PROBLEM REQUIREMENTS »
Give again, exactly as they appear, only the lines from the one containing "Whether it’s from" through the last line of the material below.

RECORDS SHOWN »
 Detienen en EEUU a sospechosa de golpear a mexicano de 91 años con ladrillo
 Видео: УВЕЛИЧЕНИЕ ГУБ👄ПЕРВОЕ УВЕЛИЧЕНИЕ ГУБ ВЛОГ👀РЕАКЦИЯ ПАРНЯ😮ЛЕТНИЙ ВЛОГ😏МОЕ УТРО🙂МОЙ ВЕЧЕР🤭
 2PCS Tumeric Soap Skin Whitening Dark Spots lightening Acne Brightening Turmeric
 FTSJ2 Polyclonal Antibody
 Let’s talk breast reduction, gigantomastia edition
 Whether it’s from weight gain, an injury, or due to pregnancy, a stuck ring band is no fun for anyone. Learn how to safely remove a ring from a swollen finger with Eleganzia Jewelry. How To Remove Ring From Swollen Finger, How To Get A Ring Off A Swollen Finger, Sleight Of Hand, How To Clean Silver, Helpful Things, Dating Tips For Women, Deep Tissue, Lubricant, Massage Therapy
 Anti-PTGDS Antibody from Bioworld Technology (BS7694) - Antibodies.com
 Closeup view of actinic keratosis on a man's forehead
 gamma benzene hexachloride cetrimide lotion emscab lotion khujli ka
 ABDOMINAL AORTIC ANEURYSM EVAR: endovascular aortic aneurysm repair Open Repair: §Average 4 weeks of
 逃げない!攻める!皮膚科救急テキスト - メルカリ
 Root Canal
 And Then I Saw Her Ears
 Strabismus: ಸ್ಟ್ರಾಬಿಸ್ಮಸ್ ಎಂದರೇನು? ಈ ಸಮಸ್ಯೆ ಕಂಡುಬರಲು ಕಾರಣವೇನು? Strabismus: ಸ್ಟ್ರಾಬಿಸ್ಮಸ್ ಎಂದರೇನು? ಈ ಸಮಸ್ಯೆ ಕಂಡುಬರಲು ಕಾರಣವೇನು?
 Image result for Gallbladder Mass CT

EXERCISE SOLUTION »
 Whether it’s from weight gain, an injury, or due to pregnancy, a stuck ring band is no fun for anyone. Learn how to safely remove a ring from a swollen finger with Eleganzia Jewelry. How To Remove Ring From Swollen Finger, How To Get A Ring Off A Swollen Finger, Sleight Of Hand, How To Clean Silver, Helpful Things, Dating Tips For Women, Deep Tissue, Lubricant, Massage Therapy
 Anti-PTGDS Antibody from Bioworld Technology (BS7694) - Antibodies.com
 Closeup view of actinic keratosis on a man's forehead
 gamma benzene hexachloride cetrimide lotion emscab lotion khujli ka
 ABDOMINAL AORTIC ANEURYSM EVAR: endovascular aortic aneurysm repair Open Repair: §Average 4 weeks of
 逃げない!攻める!皮膚科救急テキスト - メルカリ
 Root Canal
 And Then I Saw Her Ears
 Strabismus: ಸ್ಟ್ರಾಬಿಸ್ಮಸ್ ಎಂದರೇನು? ಈ ಸಮಸ್ಯೆ ಕಂಡುಬರಲು ಕಾರಣವೇನು? Strabismus: ಸ್ಟ್ರಾಬಿಸ್ಮಸ್ ಎಂದರೇನು? ಈ ಸಮಸ್ಯೆ ಕಂಡುಬರಲು ಕಾರಣವೇನು?
 Image result for Gallbladder Mass CT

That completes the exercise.